The Week In Review

With the exception of an unfortunate slip-up by one major news outlet, there was a promising pattern in this week’s food news: common sense. A landmark study broke the bad news to dieters in denial about the importance of moderation and exercise. Chicago Tribune article telling orthorexic Americans to ignore flavor-of-the-week health scares made the rounds in over a dozen newspapers. And it turns out that Benjamin Franklin was not an animal rights activist. But there were plenty of other notable food stories that came across our desks this week — thanks to actor Jeremy Piven, the “sea kitten” crew, and an angry brigade of German bakers.
Yesterday marked the latest development in the Piven sushi saga when the television star defended his fish story in front of a grievance committee at the Actors’ Equity Association. And half of the committee members were less than impressed with Piven’s claim that seafood-induced mercury poisoning was the reason he abandoned his commitment to the Broadway production of “Speed-the-Plow.”  After the split decision, Piven gave a dramatic 25-minute interview with The New York Timespeppered with tears and even a Dr. Martin Luther King, Jr. reference
Also in seafood scare news: Residents of Madison, Wisconsin got a heaping dose of fish hype this week courtesy of People for the Ethical Treatment of Animals (PETA). Seemingly fresh out of ideas on how to package vegan propaganda for public consumption (see here and here), PETA’s latest anti-seafood campaign is a billboard reading “Got Drain Bamage?”  Clearly PETA doesn’t mind that its bogus mercury messages have already had disastrous effects on public health.

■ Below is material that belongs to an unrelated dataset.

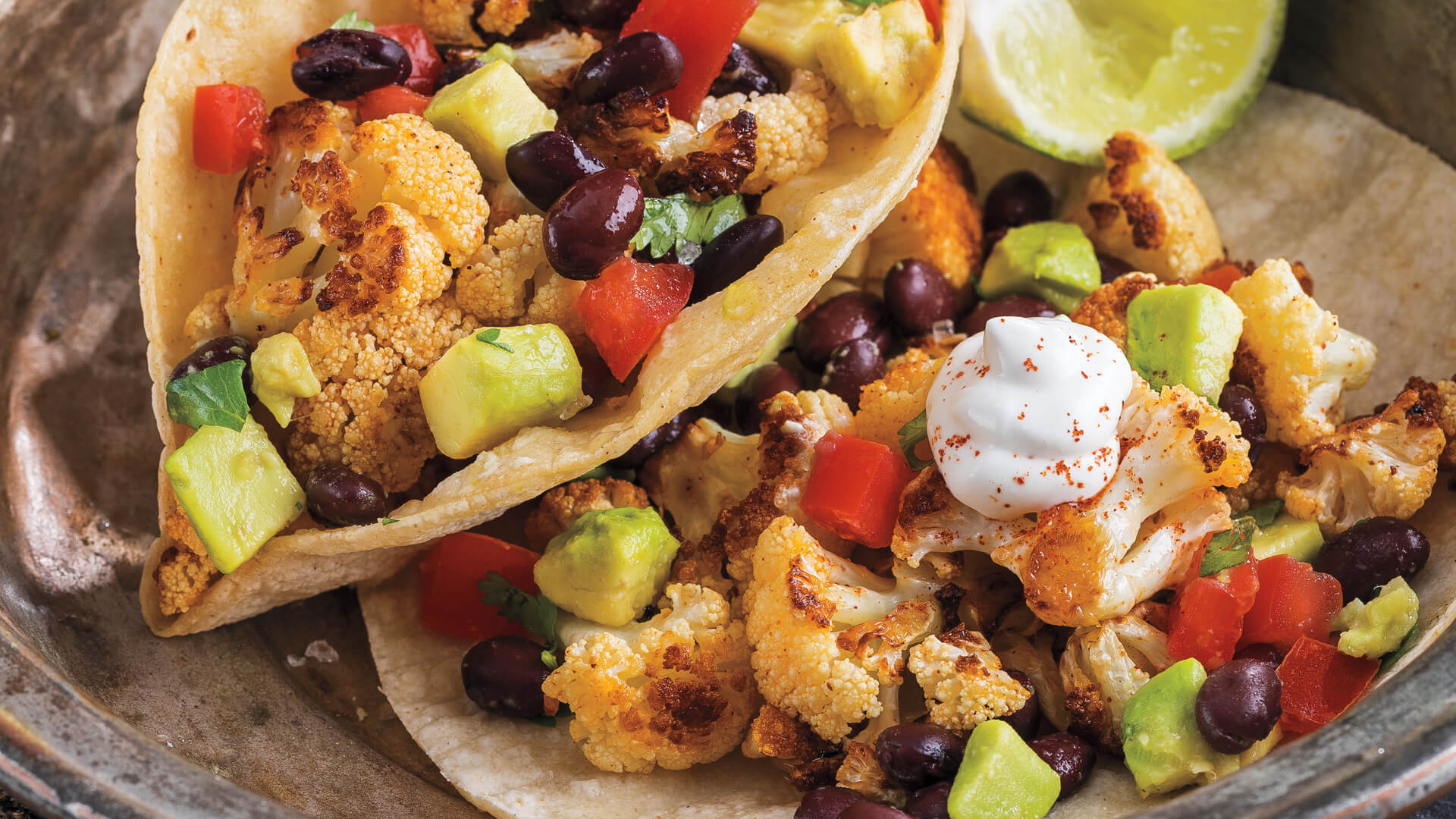 Roasted Cauliflower Tacos with Avocado-Black Bean Salsa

But what should we expect from a group led by Ingrid Newkirk, who declared this week that “seriousness has a very small place in today’s society.”
On the contrary, German bakers are very serious about halting European Union efforts to regulate the salt content in their pretzel and brown bread recipes:

The anger of the bakers — who condemned the bureaucrats in Brussels as “taste police” — seems to reflect a rising resentment of the European Union by a country that has long been among its biggest supporters…
“What the E.U. is doing amounts to stupid interference,” said Matthias Wiemers, chairman of the Central Association of German Bakeries, a lobby for 12,000 of the country’s 15,000 bakeries.
“The E.U. is trying to change the way we bake our bread, change the way we market it — and of all things, change the taste of our bread.”

According to The New York Times, the baker backlash has been so intense that the EU has now postponed its decision on salt regulations. Fellow adversaries of the state-side “taste police": Take a page.